A look at central bank digital currencies and what’s happening per region in 2021
Central bank digital currencies aren’t just coming. They are, to varying degrees, already here.
For one thing, more than 60 countries — including almost all major economies — are actively researching, developing, or piloting CBDCs.
In a very short time, the conversation has shifted from the benefits that CBDCs can bring to the economic threats associated with falling behind in the race to issue one.
CBDCs are digital versions of national fiat currencies and would be legal tender on par with paper money. While the idea has been around for decades, the growth of cryptocurrencies has led them to be considered more seriously. Stablecoins and other digital assets have shown how payments can be made easier, cheaper, and quicker — with the prospect of privately issued currencies pushing out old-fashioned fiat now a real possibility.
Nowhere is this change in conversation more clear than in the United States. In late 2019, as European and Asian economies were warming to the idea, Federal Reserve Chairman Jerome Powell said he didn’t see any clear value in issuing a CBDC. By this February he had changed his tune, saying that deciding whether to issue a digital dollar would be a “high-priority project” in 2021.
The U.S. isn’t alone in worrying about that. In August, the European Central Bank’s 20th annual review of the international role of the euro warned that “attention should be paid to the risks to stability that might arise if a central bank does not offer a digital currency.”
China may be years ahead of any major economy in creating and testing a CBDC, but it was the tiny Bahamas that stole a march, launching the world’s first national digital currency last October.
The Sand Dollar isn’t going to change the world’s economy, but it has made it easier and cheaper to make payments.
The Eastern Caribbean Currency Union followed suit in April, with four of its eight members — Antigua and Barbuda, Saint Kitts and Nevis, Saint Lucia, and Granada — launching DCash, a joint CBDC. The other four island nations are piloting it.
In place since the spring of 2020, China’s digital yuan pilot has seen more than 70 million transactions worth $5 billion, according to the People’s Bank of China. Its ongoing digital yuan renminbi tests — lotteries giving shoppers millions of dollars worth of the digital currency in small sums — have been very successful.
China took another step forward in August when 35 small and medium-sized banks embedded digital wallets in their mobile apps, joining the big six state-owned banks that were involved in earlier programs. And nearly another 100 plan to access it through a Shanghai-based firm’s clearing platform. China is also working on a global clearing network aimed at making the yuan renminbi an international currency.
South Korea recently chose locally based Ground X, developer of the Klaytn blockchain, to build its CBDC pilot platform. It also enlisted Samsung to work on ensuring digital won payments can be made by mobile devices without internet access. Hong Kong’s goal for its CBDC pilot is to “future-proof” the financial center’s economic clout. Thailand’s CBDC project is moving ahead with plans for a limited pilot of retail payments by June 2022, with plans to roll out a digital baht in three to five years.

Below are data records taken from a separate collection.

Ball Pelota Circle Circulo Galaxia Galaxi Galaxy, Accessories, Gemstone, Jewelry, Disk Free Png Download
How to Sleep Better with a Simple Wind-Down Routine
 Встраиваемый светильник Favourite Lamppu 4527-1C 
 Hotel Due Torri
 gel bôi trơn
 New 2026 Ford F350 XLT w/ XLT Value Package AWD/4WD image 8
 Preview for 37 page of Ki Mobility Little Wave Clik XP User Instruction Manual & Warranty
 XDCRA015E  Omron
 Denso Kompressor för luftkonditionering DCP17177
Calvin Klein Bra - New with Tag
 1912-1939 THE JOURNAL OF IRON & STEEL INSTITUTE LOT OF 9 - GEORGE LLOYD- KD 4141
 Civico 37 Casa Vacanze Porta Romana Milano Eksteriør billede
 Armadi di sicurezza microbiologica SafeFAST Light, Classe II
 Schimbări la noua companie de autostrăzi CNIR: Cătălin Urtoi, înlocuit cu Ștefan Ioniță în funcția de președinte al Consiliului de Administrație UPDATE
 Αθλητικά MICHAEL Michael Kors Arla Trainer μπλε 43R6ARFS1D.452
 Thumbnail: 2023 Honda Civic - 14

EU member Ukraine passed a law in July allowing its central bank to issue its own CBDC — which may clash with the ECB’s stated goal of having one digital euro. And in August, its Ministry of Digital Transformation said it was looking into a pilot program paying its staff in a CBDC. In non-EU Europe, Sweden is well along with its CBDC pilot, made easier by the fact that it is already a nearly cashless society, with cash accounting for less than 1% of GDP.
It’s not just individual countries that are experimenting with CBDCs. This month, the Financial Times noted that several groups of countries are experimenting with building a cross-border CBDC that allows instant payments using different digital currencies. The Bank for International Settlements is participating in a project with Australia, Malaysia, Singapore, and South Africa called “Project Dunbar.” Meanwhile, Hong Kong, China, the United Arab Emirates, and Thailand are about to begin working on the “mCBDC” project. Saudi Arabia and the UAE are also experimenting with cross-border CBDCs.
France was among the first and most aggressive supporters of a digital euro, going so far as to launch its own CBDC tests with the goal of giving the EU’s CBDC project a head start when the rest of Europe caught up. So it’s perhaps fitting that the European Central Bank announced it formally began developing a digital euro, beginning with a two-year investigation phase, on July 14 — also known as Bastille Day, when the French Revolution kicked off an attack on Europe’s traditional political power structure.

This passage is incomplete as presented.